Iraqi authorities have set Oct. 19 as the date for the start of the trial of Saddam Hussein, an official said. The official, who spoke Friday on condition of anonymity because he is not authorized to make the formal announcement, said authorities wanted the trial to start soon after Iraqis finish the referendum on the new constitution Oct. 15.
Many Sunni Arabs oppose the constitution, and a trial of the former dictator, a Sunni, could further worsen sectarian relations. The official said Saddam's legal team was being informed of the date. However, Saddam's Iraqi lawyer, Khalil al-Dulaimi, could not be reached because his mobile phone was shut off.
A Western diplomat, speaking on condition of anonymity because of the sensitivity of commenting on a foreign judicial system's plans, said he doubted the trial would start on that date. On Thursday, another official, also speaking on condition of anonymity, said the decision had been taken to start the trial between Oct. 15 and 20.
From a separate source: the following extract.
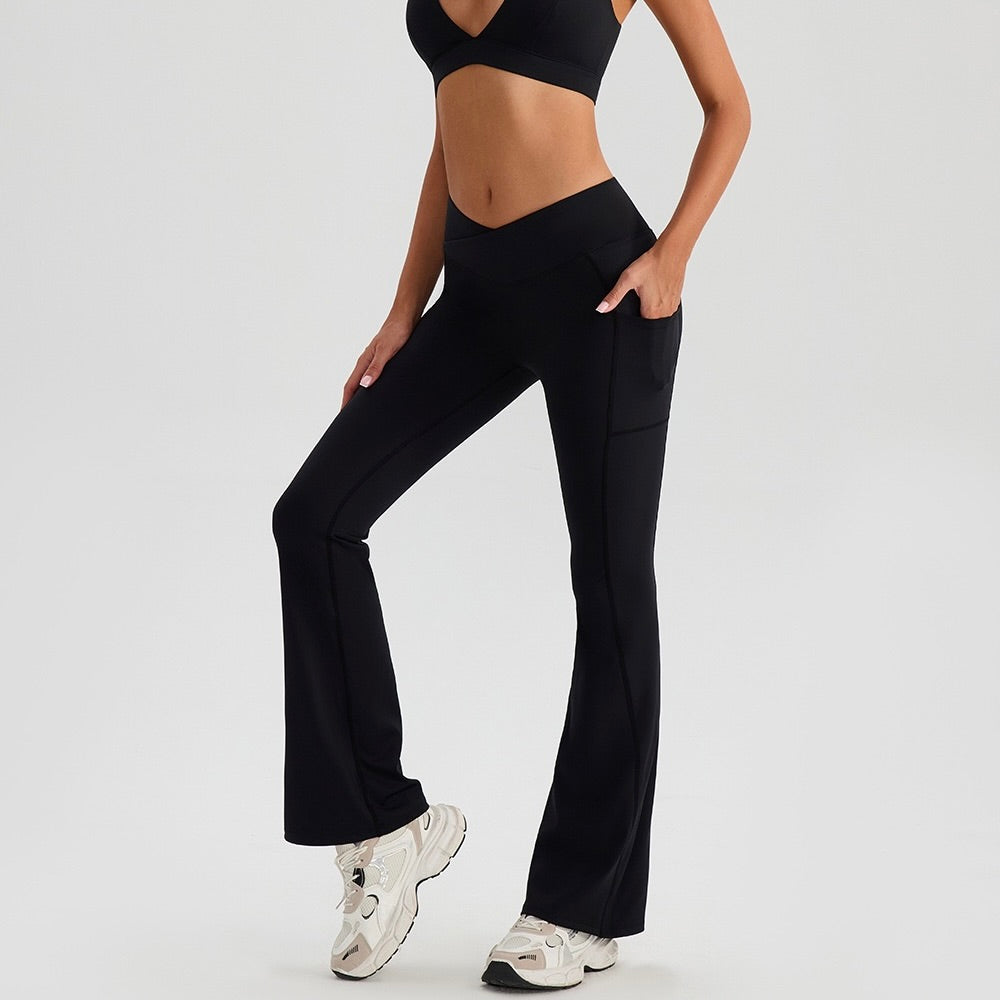 black bootcut yoga pants with pockets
Saddam and three co-defendants will stand trial for the 1982 massacre of Shiites in Dujail, a town north of Baghdad, after a failed assassination. Saddam could receive the death penalty. Other co-defendants in the case are Barazan Ibrahim, intelligence chief at the time and Saddam's half brother; former Vice President Taha Yassin Ramadan; and Awad Hamed al-Bandar, at the time a Baath party official in Dujail. Saddam is expected to face about a dozen trials for alleged crimes committed by his regime, including the gassing of Kurds in Halabja and the 1991 suppression of a Shiite uprising in the south, AP reports.